Intrigued, he stood up as the footman came in, almost hidden by the large box he carried. With care, the servant set it down on the floor and bowed out of the room, closing the door behind him. Devin glanced at Miranda.
“Go ahead,” she said, “Open it. If you don’t like it, I promise I shan’t cry. It is just a gift of…of possibility.”

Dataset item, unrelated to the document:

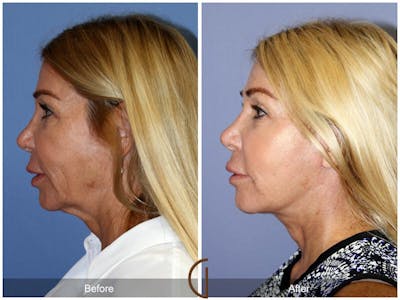 Facelift 50s Before & After Gallery - Patient 299361 - Image 1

“Indeed.” He cut the string that tied the package and opened the box. He went still, looking at the objects inside. He turned to Miranda, an odd, questioning look on his face, then reached into the box and pulled out an easel. Digging farther down, he brought up a wooden box containing tubes of pigment and glass bottles for the paints after they were mixed, then a palette, a box of brushes, pads of paper, a box of charcoal pencils, bottles of turpentine and linseed oil, until finally the library table was almost covered with the art supplies.

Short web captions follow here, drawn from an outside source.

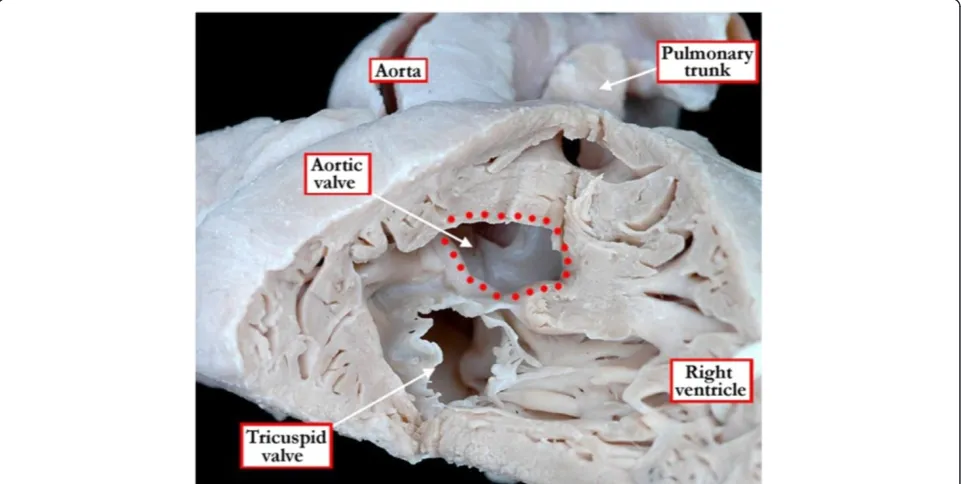 Figure 3 In this heart, the right ventricle has been windowed, and the structures are viewed from the ventricular apex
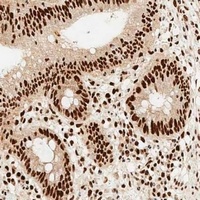 MSH2 Mouse Monoclonal Antibody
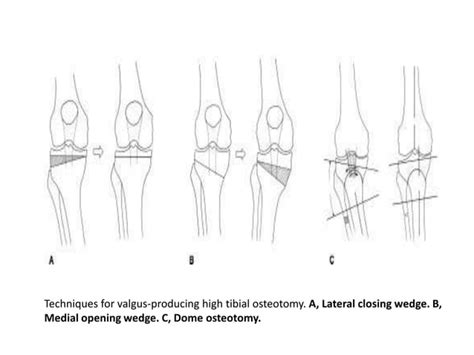 High tibial osteotomy | PPT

Devin stood looking down at the things on the table. He ran his fingers down a tube, touched the silken hairs of a brush. Miranda waited, watching him, wondering what he was thinking.

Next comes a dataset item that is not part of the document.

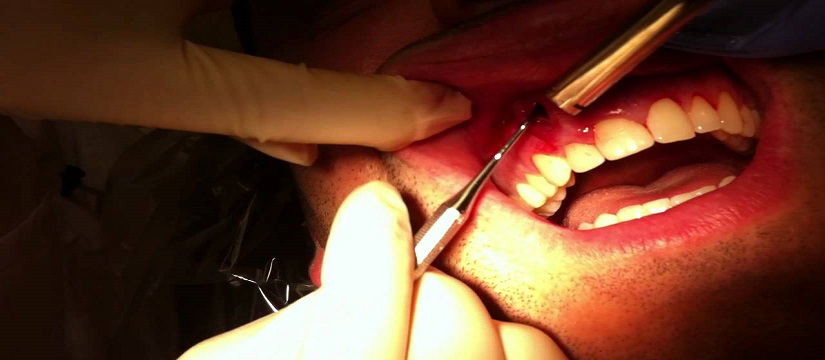 Simple non-surgical extraction-osp3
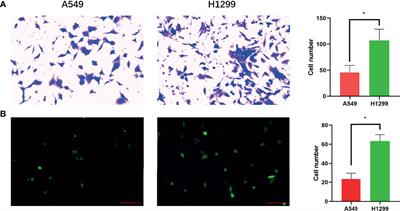 Exosomal lncRNA LINC01356 Derived From Brain Metastatic Nonsmall-Cell Lung Cancer Cells Remodels the Blood–Brain Barrier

“You don’t have to use them if you don’t want,” she said finally. “I just thought…you might miss it. While you were here, you might want to paint. To pass the time, at least.”
He turned then and looked at her, shaking his head in puzzlement. “How did you know? I mean—I gave it up long ago.”
“I saw your work at your sister’s house,” Miranda explained. “She told me that you were an artist.”
He grimaced dismissively. “I dabbled.”
“No. You are very talented. I saw the paintings. Your use of light, the colors…” Her voice picked up a little in excitement. “I couldn’t believe it when I saw them. I realized then that you weren’t just what one saw.”
“A wastrel, you mean?”
“Well, frankly, yes.”
Devin grinned faintly. “One can always count on you for honesty.”
He looked back at the things on the table. “I can’t believe…I don’t know that I can do it anymore. It has been years. I lost interest.”
“You might be rusty, but I don’t believe your talent died. It is still there.” She paused, then went on. “Rachel showed me the room in the west wing, the one where you used to paint. I’ve had it cleaned. You could use it again.”
“It has good light in the afternoon,” he agreed absently. Even when he had tried to sketch Miranda, he had not actually contemplated painting her portrait. He had assumed that he would never paint again. But now, suddenly, the idea tempted him. He remembered the smell of the oils, the feel of the brush in his fingers, the way light poured in through the windows of the room. He thought once more of the sketches he had done in private of Miranda.
“Why did you buy these?” he asked. “I mean, why do you care?”
“I hate to see talent wasted, and I think you have a tremendous talent. And I thought you might…find something you had lost.”
They stood looking at one another for a long moment. Finally he said, “If I decided to paint, would you pose for me?”
Miranda’s eyes widened a little in surprise. But she said only, “Yes. I would.”
“Then perhaps I will.”
Devin did not think he would begin to paint again. He had outgrown it years ago, as his father had alway
s hoped he would. The supplies were a nice gesture and one that touched him, but he was not sure that he wanted to try them out.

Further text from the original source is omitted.